Special Issue Information

Dear Colleagues,

While there is no single standard that could be applied to support a claim that a sensor is “smart”, Smart Sensors are typically characterized by onboard intelligence and by the ability to communicate via a digital network. With the emergence of both the Internet of Things (IoT) and the Industrial IoT (IIoT), new sensors and associated applications are emerging every day. Increasingly, these sensors are “smart”, a requirement for IoT sensors as well as for many industrial applications.

Sensors incorporated with dedicated signal processing functions are called “intelligent sensors” or “smart sensors”. This Special Issue discusses the concept of intelligent sensors in the Industry 4.0 or Smart Factory. Sensor intelligence performs a distributed signal processing in the lower layer of the sensing system hierarchy. The role of the signal processing function in intelligent sensors can be summarized as: (1) reinforcement of inherent characteristics of the sensor device, and (2) signal enhancement for the extraction of useful features of the objects.

The Role of Sensors in the Industrial IoT (IIoT)

The concept of Industry 4.0 or Smart Factory is composed of many different physical and informational subsystems, such as actuators and sensors, control systems, product management systems, and manufacturing systems that all work together. In this Special Issue, we want to take a broad and diverse view of the overall IIoT system architecture with respect to the important role of sensors and where and how they can become “intelligent”.

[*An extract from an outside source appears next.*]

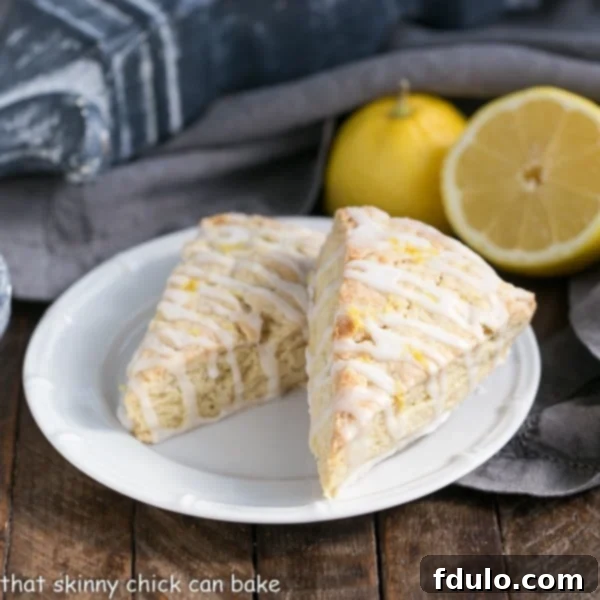 Two Glazed Lemon Tea Scones displayed on a pristine white round plate, showcasing their inviting texture and delicious glaze.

To ensure the high level of automation required in today’s industrial applications, equipment must be more efficient, intelligent, aware of context, and more connected; it must also be more robust and ensure greater safety for the humans interacting with them. With the advent of digital technologies, industry developed appropriate standards for process control and digital, or “smart” sensor networks, both wired and wireless. These enabled a rich variety of device statuses, IDs, diagnostics, time stamps, and other data to be communicated along with the digital measurement signal. The Industrial IoT also offers the promise of utilizing previously stranded asset data from low-cost, internet-connected smart sensors mounted directly on equipment and machines in conjunction with advanced analytics software to detect, identify, and avoid performance degradation or asset failures. Ultimately, this could optimize industrial asset availability, utilization, and performance to improve return on assets and support operational excellence.

Today, sensors are fundamental in industrial automation, but turning sensors into IIoT systems can be a major challenge. Smart devices in a factory setting are able to independently manage manufacturing processes. Sensor data, in all aspects of a manufacturing environment, are the source key of critical information. This information is then routed to a higher-level decision-making system.

The world is abuzz with applications of machine learning in almost every field—commerce, transportation, banking, or healthcare. These breakthroughs are due to rediscovered algorithms, powerful computers to run them, and most importantly, the availability of bigger and better data to train the algorithms. In this Special Issue, entitled “Intelligent Sensors”, we want to look at a few of the latest applications using intelligent sensors in which the system architecture examples follow the IIoT approach for the Industry 4.0.

We invite the research community to submit original research papers in the following topics:

  1. Intelligent automation
  2. Soft sensors
  3. Industrial Internet of Things
  4. Identification/processes/industry
  5. Predictive maintenance
  6. Other applications

Prof. Susana Vieira
Prof. João Figueiredo
Prof. João Miguel da Costa Sousa
Guest Editors

Manuscript Submission Information

Manuscripts should be submitted online at www.mdpi.com by registering and logging in to this website. Once you are registered, click here to go to the submission form. Manuscripts can be submitted until the deadline. All submissions that pass pre-check are peer-reviewed. Accepted papers will be published continuously in the journal (as soon as accepted) and will be listed together on the special issue website. Research articles, review articles as well as short communications are invited. For planned papers, a title and short abstract (about 100 words) can be sent to the Editorial Office for announcement on this website.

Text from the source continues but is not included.